Yes. That requires wide-scale effort to fix. However, there are some places where whole foods are cheaper, like a good food co-op. They can use their bargaining power to cram down the prices on bulk items.

>> and two, big corporations are doing things to the food supply (adding chemicals, genetically modifying raw foods) and trying their darndest not to let the public know about it.<<

Yeah, that really infuriates me: forcing people to buy stuff they would not choose to buy by removing the information that makes it possible to make informed decisions. The only way to avoid that nonsense is to buy nothing but organic -- which is very limiting and very expensive.

>> It's hard to work against that kind of machine, except little by little.<<

True, but it's kinda fun to shine a light on things and watch the cockroaches run for cover.

>>The trouble comes when corporations succeed in keeping things off their labels -- and when my kids are so indoctrinated (and their tastebuds trained) to love the really-bad-for-you foods.<<

Get them to read the labels, or read the labels to them. Do you know what this is? Do you know what it does? No? Then why are you eating it? After a while, they'll probably move beyond "I dunno, I just like it," and really start thinking about what they eat and why.
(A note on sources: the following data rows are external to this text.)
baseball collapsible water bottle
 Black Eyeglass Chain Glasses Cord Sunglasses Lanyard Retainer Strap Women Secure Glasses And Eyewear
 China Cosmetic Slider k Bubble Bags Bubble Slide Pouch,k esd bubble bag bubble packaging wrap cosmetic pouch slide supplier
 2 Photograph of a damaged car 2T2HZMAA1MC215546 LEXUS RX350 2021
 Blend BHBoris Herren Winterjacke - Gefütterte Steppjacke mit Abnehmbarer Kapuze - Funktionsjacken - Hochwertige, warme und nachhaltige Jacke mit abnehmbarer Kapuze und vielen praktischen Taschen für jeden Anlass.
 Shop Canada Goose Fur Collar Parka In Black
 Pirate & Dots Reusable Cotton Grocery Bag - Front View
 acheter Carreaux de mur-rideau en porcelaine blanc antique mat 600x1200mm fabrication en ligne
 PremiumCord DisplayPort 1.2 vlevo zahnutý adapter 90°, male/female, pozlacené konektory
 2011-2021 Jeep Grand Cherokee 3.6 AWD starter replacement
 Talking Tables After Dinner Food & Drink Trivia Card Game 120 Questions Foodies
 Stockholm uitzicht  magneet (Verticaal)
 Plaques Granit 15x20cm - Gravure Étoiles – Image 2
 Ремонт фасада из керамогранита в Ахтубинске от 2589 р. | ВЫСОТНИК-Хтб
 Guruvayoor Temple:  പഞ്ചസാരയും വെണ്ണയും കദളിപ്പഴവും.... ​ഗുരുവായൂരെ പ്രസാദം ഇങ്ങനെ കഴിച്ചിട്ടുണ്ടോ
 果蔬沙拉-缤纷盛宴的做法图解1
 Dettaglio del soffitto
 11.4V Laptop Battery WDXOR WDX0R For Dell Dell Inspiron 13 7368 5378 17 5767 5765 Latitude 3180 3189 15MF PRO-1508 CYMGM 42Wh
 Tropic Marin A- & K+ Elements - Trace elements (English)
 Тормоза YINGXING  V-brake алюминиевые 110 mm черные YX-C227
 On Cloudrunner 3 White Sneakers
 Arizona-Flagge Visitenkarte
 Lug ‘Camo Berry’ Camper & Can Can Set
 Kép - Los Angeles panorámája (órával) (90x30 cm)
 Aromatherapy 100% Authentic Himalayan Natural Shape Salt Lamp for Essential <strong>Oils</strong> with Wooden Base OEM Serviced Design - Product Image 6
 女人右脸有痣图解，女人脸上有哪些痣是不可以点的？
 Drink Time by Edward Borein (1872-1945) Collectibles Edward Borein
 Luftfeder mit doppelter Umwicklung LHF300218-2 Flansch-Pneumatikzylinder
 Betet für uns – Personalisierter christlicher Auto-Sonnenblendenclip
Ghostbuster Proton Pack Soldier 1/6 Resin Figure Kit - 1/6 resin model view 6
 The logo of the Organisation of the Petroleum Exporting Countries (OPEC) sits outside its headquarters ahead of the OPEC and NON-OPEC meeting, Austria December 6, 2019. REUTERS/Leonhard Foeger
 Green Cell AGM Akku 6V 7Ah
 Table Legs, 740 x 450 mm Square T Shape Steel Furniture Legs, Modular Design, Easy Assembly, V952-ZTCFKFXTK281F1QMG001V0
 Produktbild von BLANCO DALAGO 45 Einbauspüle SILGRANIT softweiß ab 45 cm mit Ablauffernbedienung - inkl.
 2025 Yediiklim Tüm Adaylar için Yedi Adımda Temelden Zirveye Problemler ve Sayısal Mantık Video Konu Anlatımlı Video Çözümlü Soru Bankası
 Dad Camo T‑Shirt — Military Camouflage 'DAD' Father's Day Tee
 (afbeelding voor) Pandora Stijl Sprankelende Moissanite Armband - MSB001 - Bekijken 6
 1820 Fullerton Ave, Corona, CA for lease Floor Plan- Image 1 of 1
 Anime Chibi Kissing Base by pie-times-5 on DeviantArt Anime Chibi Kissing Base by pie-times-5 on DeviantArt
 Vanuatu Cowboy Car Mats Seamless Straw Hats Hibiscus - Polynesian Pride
You might also talk about human evolution -- our bodies "like" sugar and fat because those are high energy foods, and historically we couldn't always find enough calories. But in today's world, that once-good instinct is a boobytrap. The superegg discussion is also a good one, about how a hyped-up fake signal can outcompete a lesser real signal. Red candies are tempting because they look like red berries, but the berries are better for you.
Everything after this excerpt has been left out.